What the task requires => Restate word for word the lines below, from the one containing "Pie with green" through the final line, with no pictures included.

Data shown =>
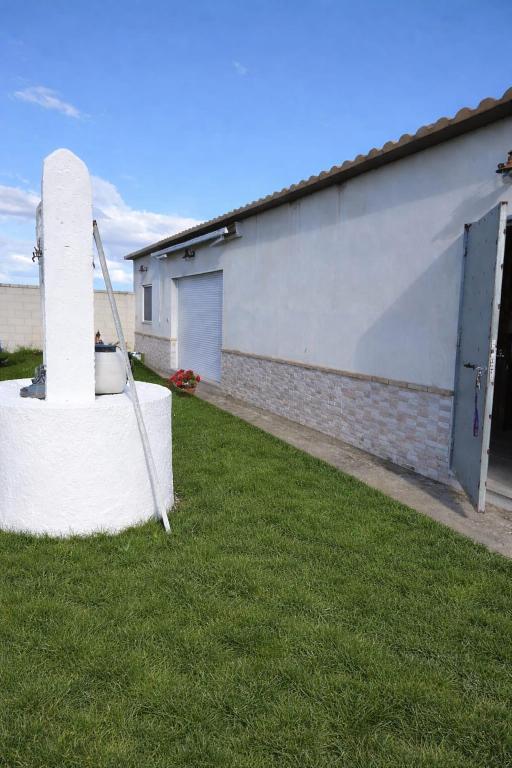 a brick building with a pillar in the grass at La Rocina in Sanlúcar de Barrameda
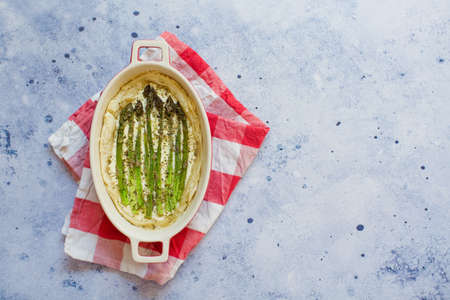 Pie with green asparagus and cream cheese in a baking form on a light blue backgroundの写真素材
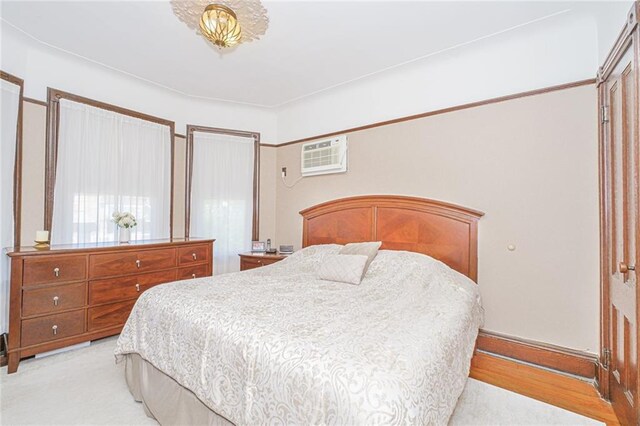 bedroom with a wall mounted AC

Exercise response =>
 Pie with green asparagus and cream cheese in a baking form on a light blue backgroundの写真素材
 bedroom with a wall mounted AC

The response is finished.